A step-by-step python implementation for our paper "Evolutionary System 2 Reasoning: An Empirical Proof".
@article{ERO,
title={Evolutionary System 2 Reasoning: An Empirical Proof},
author={Zeyuan Ma and Wenqi Huang and Guo-Huan Song and Hongshu Guo and Sijie Ma and Zhiguang Cao and Yue-Jiao Gong},
journal={arXiv preprint arXiv:2512.05760},
year={2025}
}Install dependencies
pip install -r requirements.txt
Check Hardware conditions
To run ERO, we require the system equipped with:
- 64 GB RAM
- 4 * 64 GB GPUs (every GPU we use is a virtual node of H20)
- 150 GB disk capacity
When additional GPUs are used, the RAM and disk capacity should be increased accordingly.
Download Model
Download the model Qwen2.5-vl-7b-instruct from huggingface and place it in the folder "models/base_model".
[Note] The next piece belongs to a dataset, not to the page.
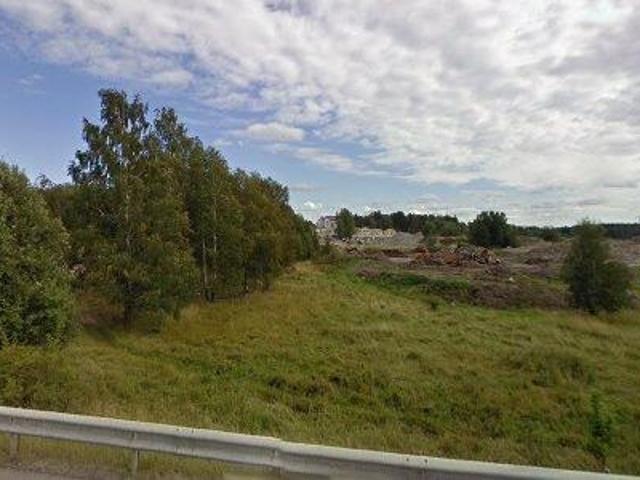 Lägenhet hyra i Stockholm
Download: https://huggingface.co/Qwen/Qwen2.5-VL-7B-Instruct
Download ARC Task Data (Optional)
We have provided some of the ARC-1 tasks we used in our experiments. If you want to use other tasks, download and put them in the folder "data". Then, modify the variable "es_list" in "main.py" accordingly.
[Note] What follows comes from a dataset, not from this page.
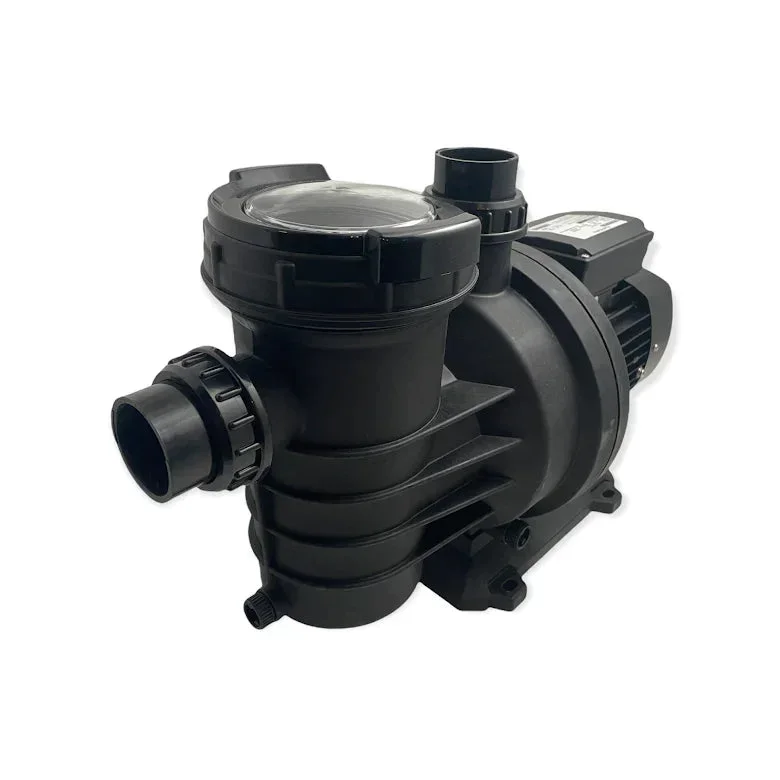 Pool Pump Gemflow 0,37 – 0,75kW - Bild 2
Download: ARC-1: https://github.com/fchollet/ARC-AGI
Run
Run ERO with default settings:
python main.py
You can also indicate evolution settings in ERO:
python main.py --size 1000 --epochs 12 --scale 0.15
See "main.py" for detailed configurable parameters in ERO.
Save data
In the end of the ERO, the results will be saved in the folder "results" automatically and the best model will be saved in "models/best_models".
Evaluate model
A example can be:
python eval.py --state_dict models/best_models/9a4bb226_state_dict.pth --task 9a4bb226
The JSON file for the task will be searched and read from the folder "data". The output and the score will be printed on the console.